I’m looking for information on how Omeka Classic handles bot traffic control. Our site is currently getting hit hard by aggressive AI bots, and robots.txt isn’t helping.
The current solution of manually blocking subnets is time-consuming. Are there any application-level features within Omeka Classic designed to mitigate this kind of modern bot traffic?
I feel your pain. It’s been a huge problem for me. The solution I used was to funnel all traffic through CloudFlare and to block nearly every country except US, Canada, and European nations. To my knowledge there is nothing in Omeka that will help.
I’m experiencing the same problem: I’m monitoring the Sessions table (through the plugin Admin Tools), and it’s getting really inflated by bots visiting our site.
The trap code should be run in the very beginning, when Omeka is generating the new session. Any idea how to do it? Or should it be added to the core somehow?

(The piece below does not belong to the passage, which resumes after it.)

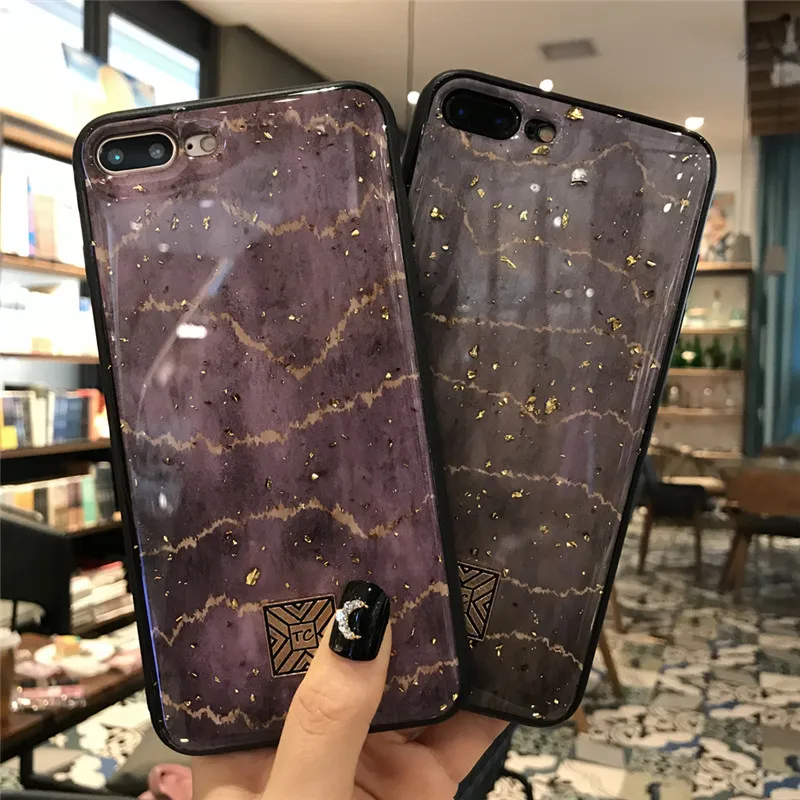 

Coque for iPhone 8 7 6 6s Plus X XS Max XR Case Luxury Gold Foil Shining Phone Soft TPU Silicone Case Cover for iPhone 7 Plus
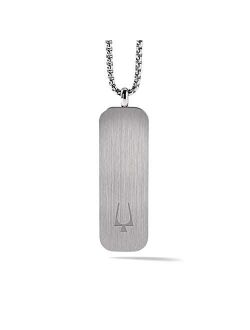 Mens Classic Stainless Steel Dog Tag Pendant Necklace Engraved with Tuning Fork Logo (Model J96N009), Silver-Tone, One Size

I don’t think we’re likely to put something like this in the core. If for no other reason that the kind of necessary/useful techniques shift over time in a way that probably makes the core not the ideal place.
If anyone is thinking about building something like this as a plugin, I’d probably look at doing it with a controller plugin: you can have code that runs very early in the process of going to any URL.
Also I’ll note here that Classic 3.2 should eliminate constant growth of the sessions table for anyone whose servers have/had that problem before: bots can still create lots of empty sessions but they should be culled periodically.
The session will probably be started by then, yeah. But the sessions table entries are more of a minor annoyance, really: for most, stopping these requests from getting to the actual queries used to generate the page is what matters.